A riflescope feature that has really evolved is the reticle. Many of today's reticle styles offer additional aiming points to compensate for trajectory and wind. To use these reticles properly, you must know what the spaces between these aiming points subtend to. For MOA- or mil-based reticles, this will be in MOA or mil increments. For some ballistic-style reticles, these subtensions are proprietary to the reticle design.
Most riflescope manufactures detail their reticles online, giving all the necessary information. But some, like Vortex and Meopta, provide detailed reticle instructions in the box with the riflescope. However, I've also seen riflescopes where the reticle information must be classified because you simply cannot find the data anywhere. If you must, you can work this out on a target with grids at 100 yards, but data from the manufacturer is most appreciated. Look for information on the reticle before you spend your money.

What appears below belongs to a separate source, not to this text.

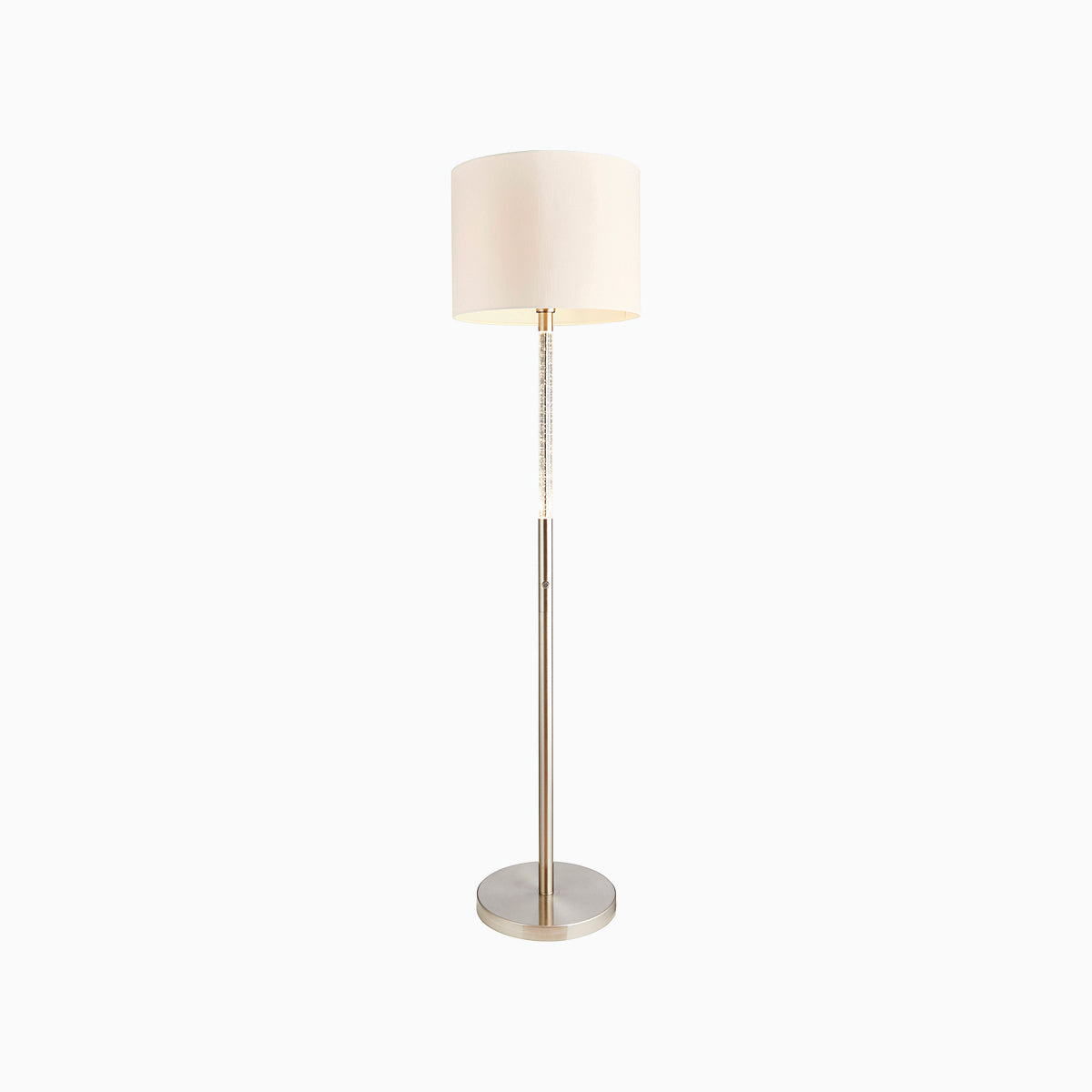 Fizz Floor Lamp in Chrome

Because of long-range shooting’s popularity, large and heavy riflescopes are trendy right now. For that shooting discipline, weight isn’t critical. However, for hunters it can be.

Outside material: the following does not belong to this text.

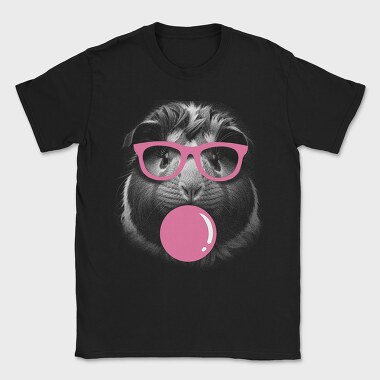 Guineapig Sunglasses Bubblegum Monochrome, Tricou Barbati (Unisex)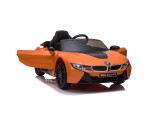 Mamido Detské elektrické autíčko BMW I8 JE1001 oranžové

The new Zeiss LRP S5 3-18x50 is a spectacular long-range riflescope, but it weighs two pounds. Add it to Nosler's excellent Model 21 rifle, and you're now carrying around nine pounds. For those who hunt out of shoot houses, that’s not a big deal. If you’re climbing mountains or walking prairies, it matters.

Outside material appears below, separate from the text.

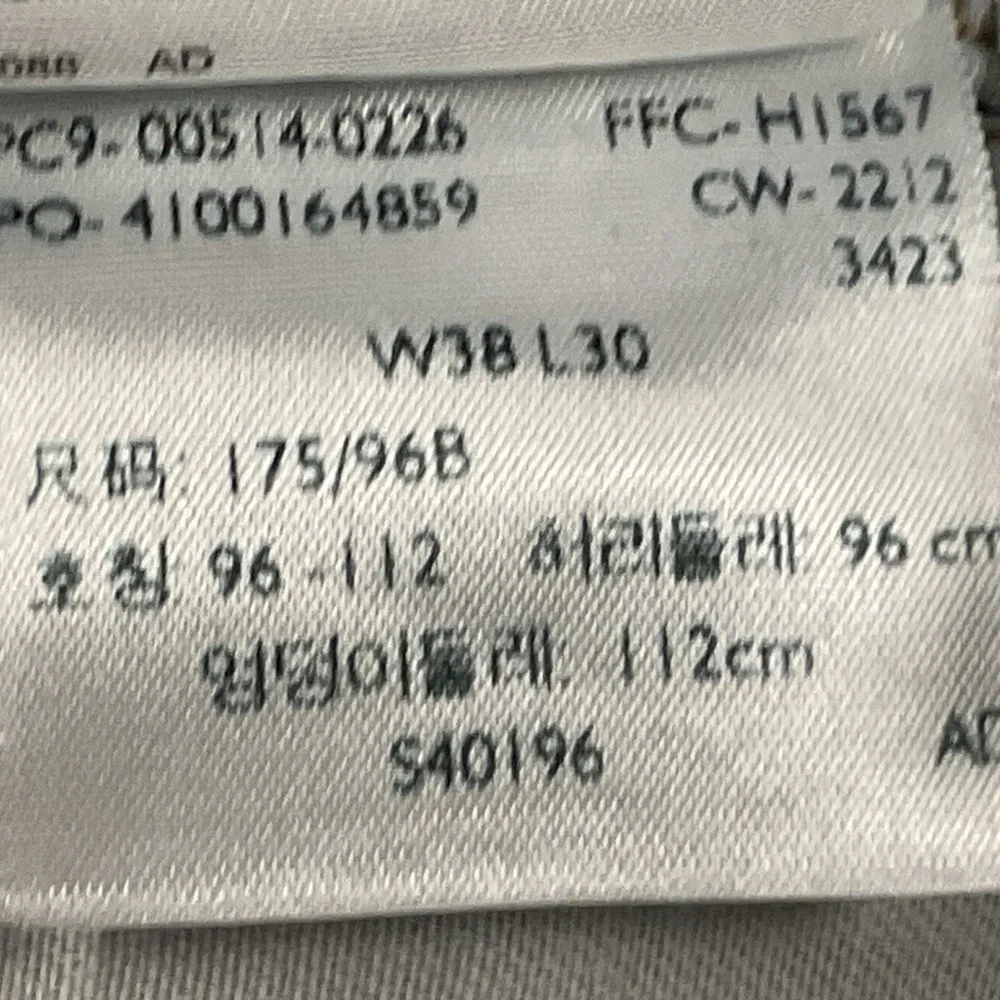 Levi's 514‎ Men's Size 38X30 (37.5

By comparison, Leupold's VX-3HD 4.5-14x40 riflescope weighs less than a pound. And, with its Custom Dial System (CDS) that can be tuned to your ammunition, out to 400 yards or so, it's just as effective as the larger and heavier Zeiss. The point is, don’t over-scope your rifle; a heavier riflescope doesn’t make you shoot any better. Find the features you need for the hunting you like to do, and don’t overlook riflescope weight in the process.
Parallax is a very important but often misunderstood aspect of riflescopes. You can check for excessive parallax by resting your rifle, so it is fully supported, and then looking through the riflescope and moving your head from side to side. If the reticle moves in relation to the target, parallax is present at that distance.
Some riflescopes—especially long-range riflescopes—have adjustable parallax, and it's a must for a big-game riflescope intended for use at extreme ranges. Riflescopes without an adjustable parallax have their parallax set at a specific range. In most cases it's between 100 and 150 yards. This means that out to around 400 yards or so there won't be enough parallax to drastically impact your shot on a big-game animal.
Parallax is very important for rimfire riflescopes, especially for small-game hunting. A riflescope with the parallax set at 150 yards might show as much as 1 1/2 inches of parallax at 50 yards. A shot that's 1 1/2 inches off on a big-game animal usually isn’t a big deal. However, if you're trying to head-shoot a squirrel, your own head will need to be perfectly positioned along the center line of the riflescope to eliminate the parallax.
Thus, most rimfire scopes have the parallax set at 50 or 60 yards. However, if that's the case, you can expect excessive parallax at 100 yards and beyond. As with a long-range big-game rifle, a riflescope used on a rimfire rifle for small-game hunting can benefit from an adjustable objective.